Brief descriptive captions
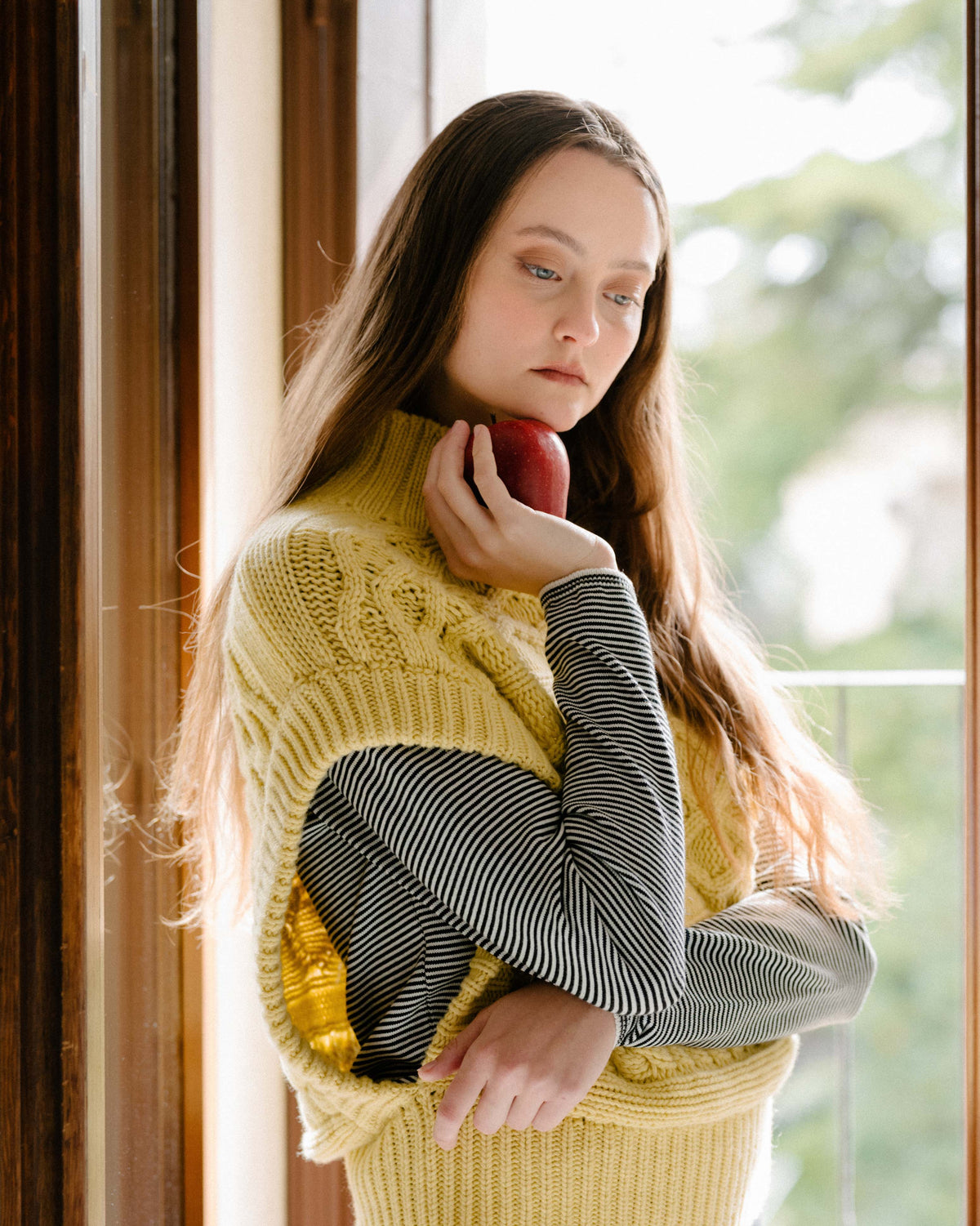 Weibliches Model trägt a cream cashmere mix Maxi-Zopfstricktunika over a striped top, holding a red apple near her face.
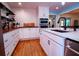 Bright kitchen with butcher block countertops, white cabinetry, and stainless appliances at 5357 Highway 81, Loganville, GA 30052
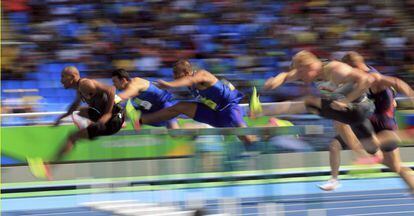 Atletas compiten en los 110 m obstáculos.
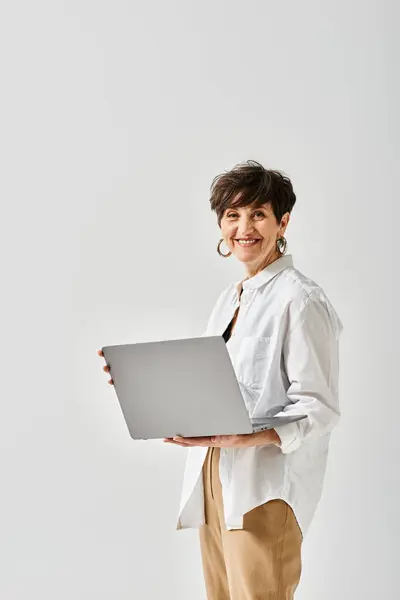 Una mujer de mediana edad con un atuendo elegante y cabello corto sostiene una computadora portátil en sus manos en un entorno de estudio. - foto de stock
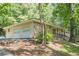 Single-story home with two car garage featuring a stone facade, front porch and lush greenery at 109 Amberidge Nw Dr, Cartersville, GA 30121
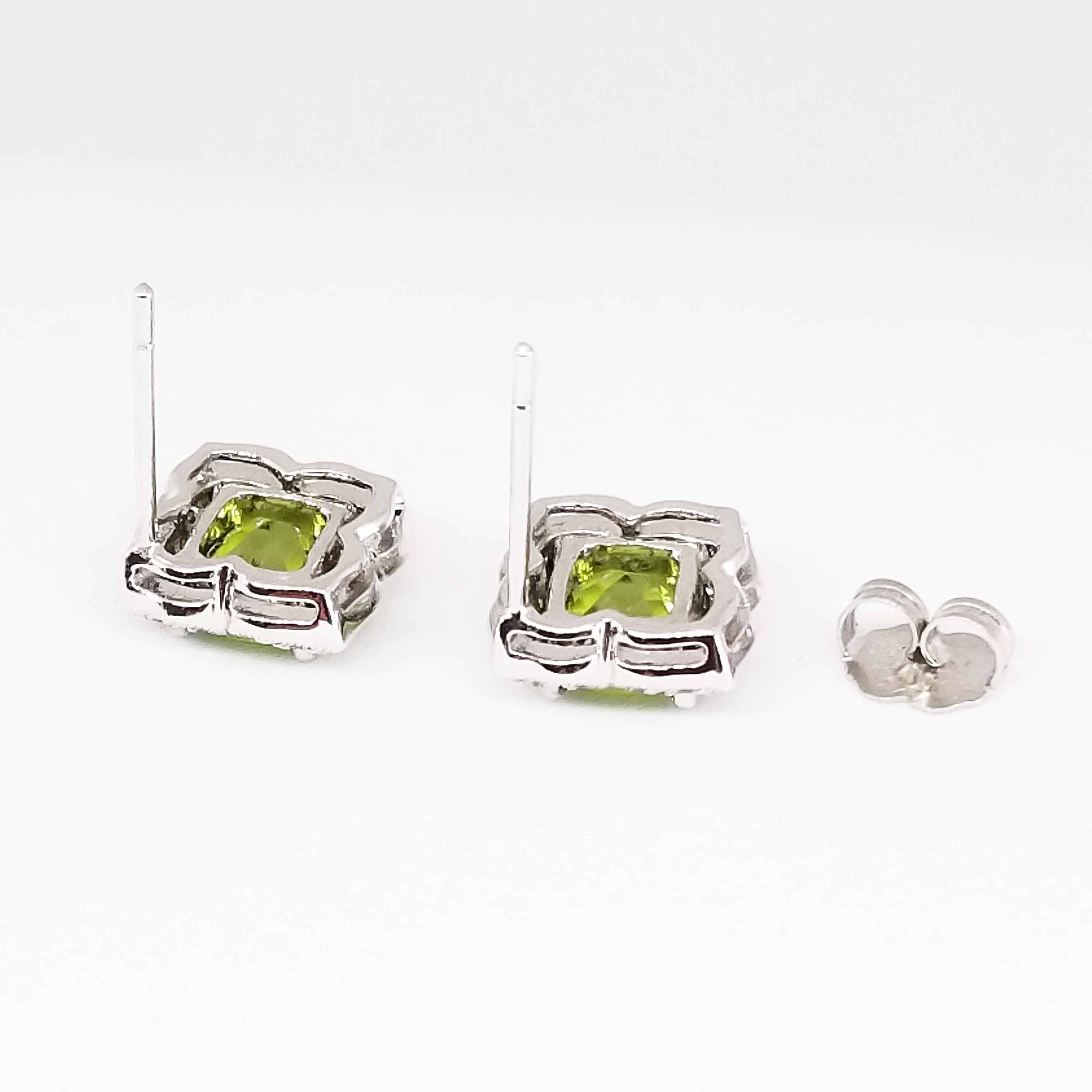 This Feminine pair of Clover Shaped Floret Earrings feature two Cushion Shape, Checkerboard Faceted Green Peridot of 2.18 Carats combined weight. The Gem Quality stones are of Grass Green hue and are prong set, surrounded by a Clover of Round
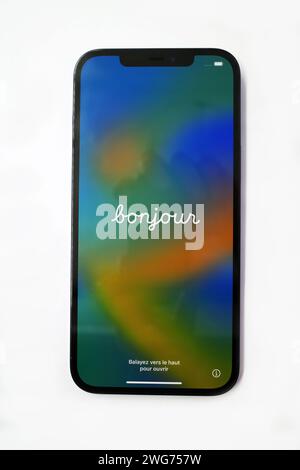 Itterbeck, Germany -Feb 2 2023 Front, screen side, of an Apple iPhone 12 Pro Max. The word Bonjour is displayed on the screen. This is French and and Stock Photo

■ What needs to be done ■
Return the data word for word without its pictures.

■ Answer space ■
 Weibliches Model trägt a cream cashmere mix Maxi-Zopfstricktunika over a striped top, holding a red apple near her face.
 Bright kitchen with butcher block countertops, white cabinetry, and stainless appliances at 5357 Highway 81, Loganville, GA 30052
 Atletas compiten en los 110 m obstáculos.
 Una mujer de mediana edad con un atuendo elegante y cabello corto sostiene una computadora portátil en sus manos en un entorno de estudio. - foto de stock
 Single-story home with two car garage featuring a stone facade, front porch and lush greenery at 109 Amberidge Nw Dr, Cartersville, GA 30121
 This Feminine pair of Clover Shaped Floret Earrings feature two Cushion Shape, Checkerboard Faceted Green Peridot of 2.18 Carats combined weight. The Gem Quality stones are of Grass Green hue and are prong set, surrounded by a Clover of Round
 Itterbeck, Germany -Feb 2 2023 Front, screen side, of an Apple iPhone 12 Pro Max. The word Bonjour is displayed on the screen. This is French and and Stock Photo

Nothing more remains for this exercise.